Celebriamo oggi la solennità dell’Immacolata Concezione. La ricorrenza non riguarda, come alcuni ritengono, la verginità di Maria, ma il suo concepimento immune dal peccato. La Vergine è creata «perfettamente pura fin dal seno materno». Essa non può essere soggetta al peccato originale perché è destinata ad essere Madre di Colui che è senza peccato, il Salvatore. Da sempre il popolo cristiano ha creduto in questo, ma ci sono voluti secoli perché questa fede venisse accolta in modo ufficiale dalla Chiesa. Ci sono stati molti oppositori, infatti, e tra questi coloro che ritenevano inconciliabile la fede nell’Immacolata Concezione con l’affermazione paolina che «tutti hanno peccato» (Rm 5,12). Lungo i secoli ci sono state molte controversie, ma alla fine ha prevalso il pensiero del teologo francescano Duns Scoto (1266-1308). Egli, con ragionamento semplice, ha evidenziato l’opportunità del privilegio mariano: «Dio poté, era conveniente, quindi fece». Il dogma di fede fu definito nel 1854 dal beato Pio IX (1846-1878). Gli avvenimenti alla grotta di Lourdes hanno poi confermato quanto il popolo cristiano spontaneamente già credeva.

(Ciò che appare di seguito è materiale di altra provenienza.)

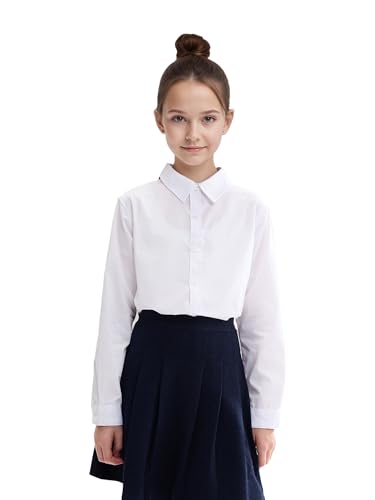 solomate Girls Long Sleeve Button Down Shirts White Uniform Blouse School Top Formal Collared Outfits for Kids White 10 Years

Il 25 marzo 1858, infatti, alla terza richiesta di Bernadette la Vergine Maria, con gesto umile, si chinò verso di lei e disse: «Io sono l’Immacolata Concezione ». Il grande mistero ricevette un sigillo dal cielo, precisamente nel giorno dell’Annunciazione, quando si ricorda il saluto dell’Angelo a Maria «la piena di grazia». Un ineffabile nome in cui è racchiusa una missione. Maria, generando il Figlio, dona alla nostra fede la forza e il coraggio di gridare al mondo che Cristo è per noi Signore e Salvatore, la via, la verità e la vita (cfr. Gv 14,6).